Survey: Big support for state control of Belle Isle

Louis Aguilar
The Detroit News

The first public survey about Belle Isle since the state took control of the Detroit jewel two years ago found strong support for the state running the show.

This is the James Scott Memorial Fountain with the skyline of Detroit in the background.

A vast majority, about 84 percent, of the 717 people surveyed last year said they were “extremely to somewhat positive” that the island park is now managed by the State of Michigan Department of Natural Resources. About 6 percent of respondents didn’t like the DNR running things, and 10 percent were neutral about the idea.

The majority of people surveyed, 264, were Detroit residents. Overall there were not major differences in the way city residents viewed the park compared to respondents from Wayne, Oakland and Macomb counties, officials said. The $37,0000 survey was commissioned by the DNR.

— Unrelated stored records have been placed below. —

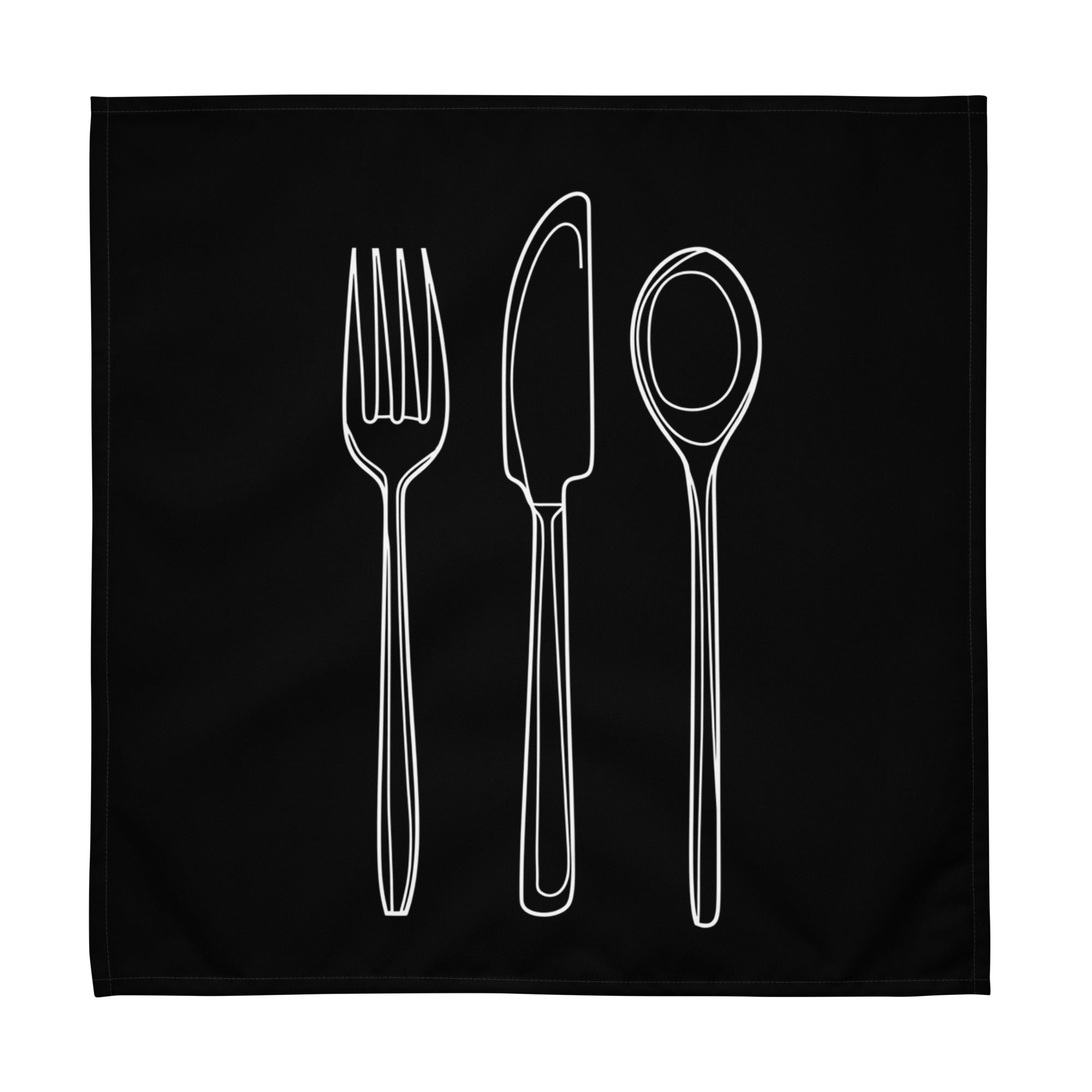 Black cloth napkin with a detailed white drawing of a fork, knife, and spoon stacked vertically down the center.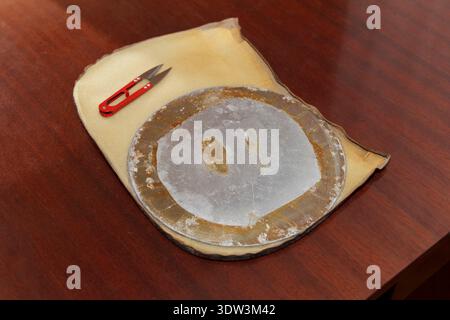Overhead view of a workshop. A worn circular sanding disc and red thread snips rest on a foam pad on a dark brown wooden table. Industrial, rustic aes Stock Photo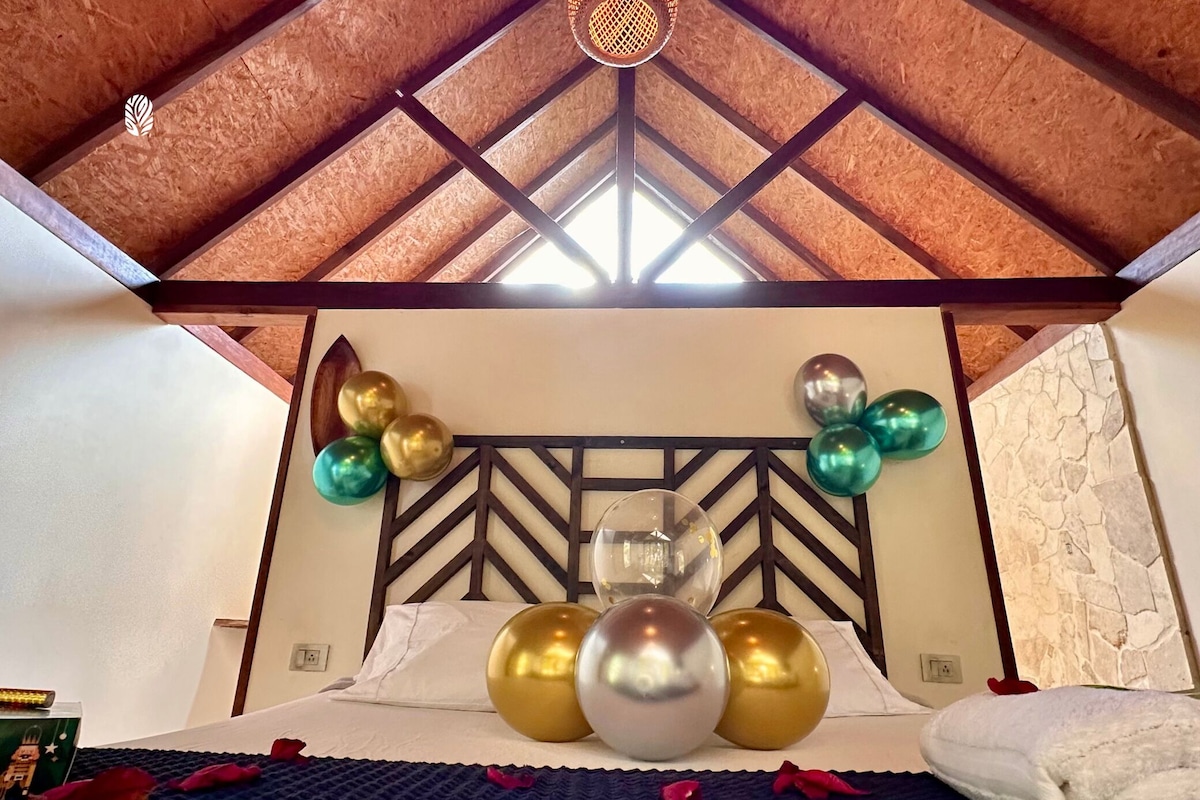 Een kamer met een bed, een decoratief hoofdeinde en ballonnen.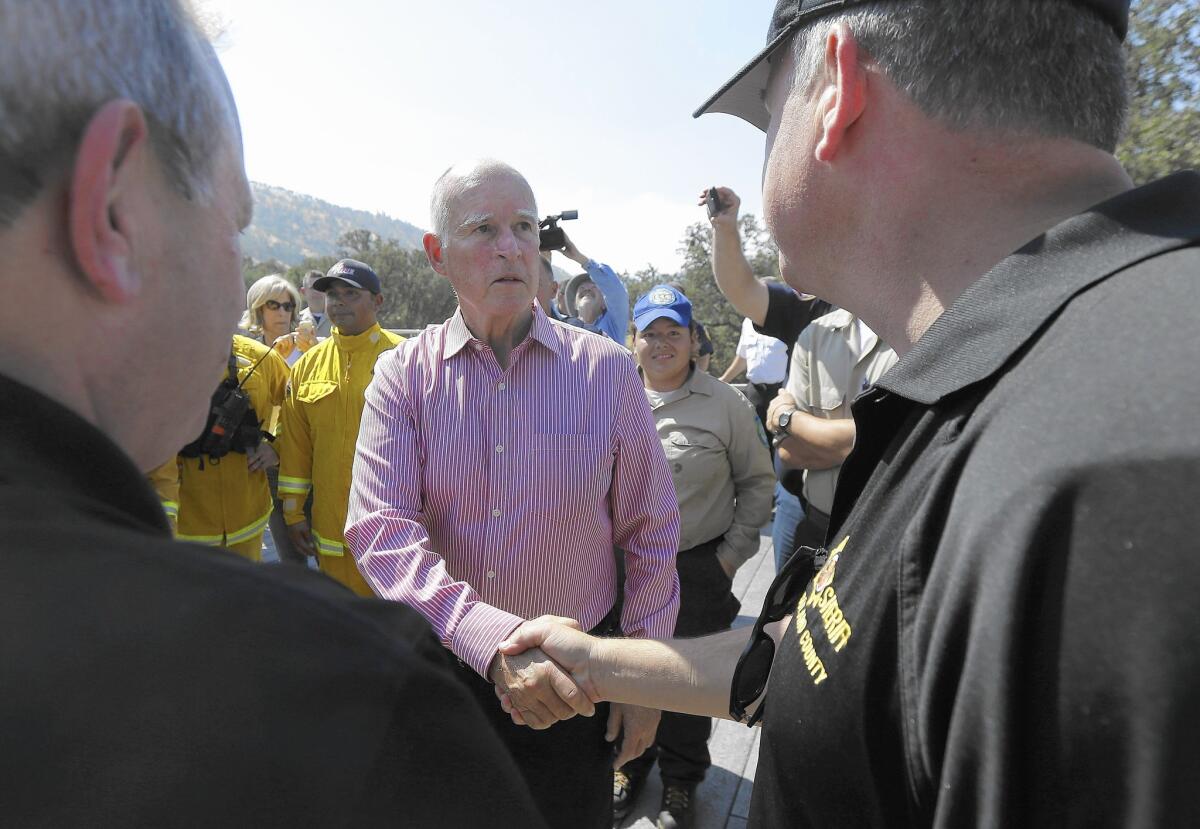 Gov. Jerry Brown shakes hands with first responders at Cowboy Camp Trailhead near Clear Lake, where the Rocky fire has destroyed homes.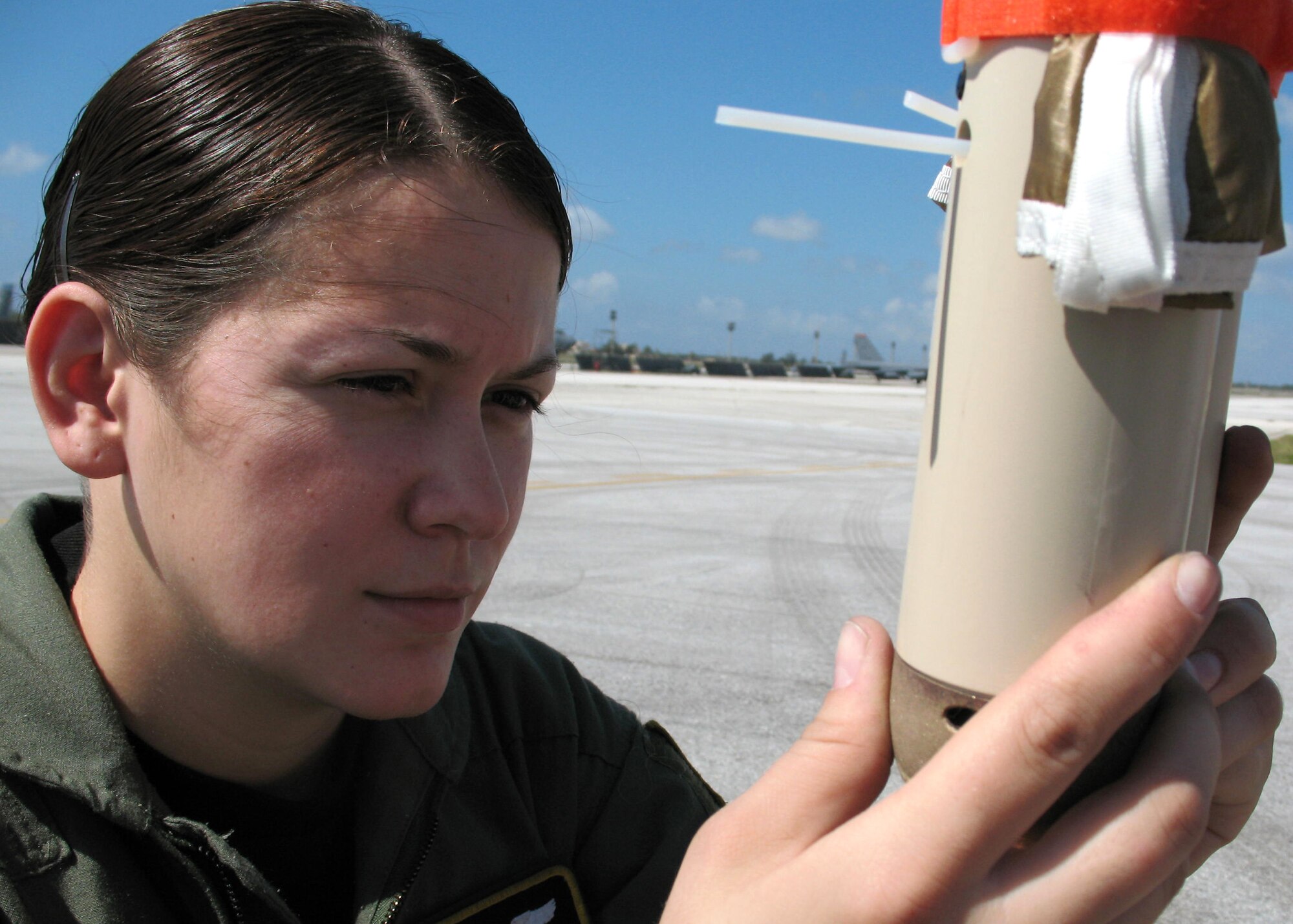 Airman 1st Class Lucy Ramos examines a drop sondes March 24 during a training mission at Andersen Air Force Base, Guam. Drop sondes use Global Positioning System technology to help aircrews make airdrops more accurate. Airman Ramos is a loadmaster with the 36th Airlift Squadron at Yokota Air Base, Japan. (U.S. Air Force photo/Airman 1st Class David Clark)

Next month marks the two-year anniversary of the state’s management of the city-owned Belle Isle. The 30-year lease kicked in Feb. 10, 2014, under an agreement reached by Gov. Rick Snyder and Detroit’s former emergency manager, Kevyn Orr. It was a controversial move at the time, and tensions grew amid claims of overzealous traffic enforcement that riled some Detroit politicians and community groups. Traffic enforcement wasn’t addressed in the survey.

The state has cleaned up the park and made major improvements in the past two years.

Nearly 9 out of 10 visitors last year say they found Belle Isle to be a satisfying and welcoming experience. A large majority of visitors supported paying the State Park Passport — which is $11 for Michigan vehicles and $5 for Michigan motorcycles, and goes on license plates — to get into Belle Isle. Out-of-state residents must pay $31 for an annual pass or $9 for a day pass.

The cost of admission wasn’t a big reason for those who stayed away from the park. Only 16 percent of non-visitors said it was the main reason for not going to the 985-acre island park, which is situated on the Detroit River between the United States and Canada.

“More current visitors come to the island for what might be termed traditional park-like features — open spaces, fresh air, natural beauty,” according to the summary of the survey released Thursday.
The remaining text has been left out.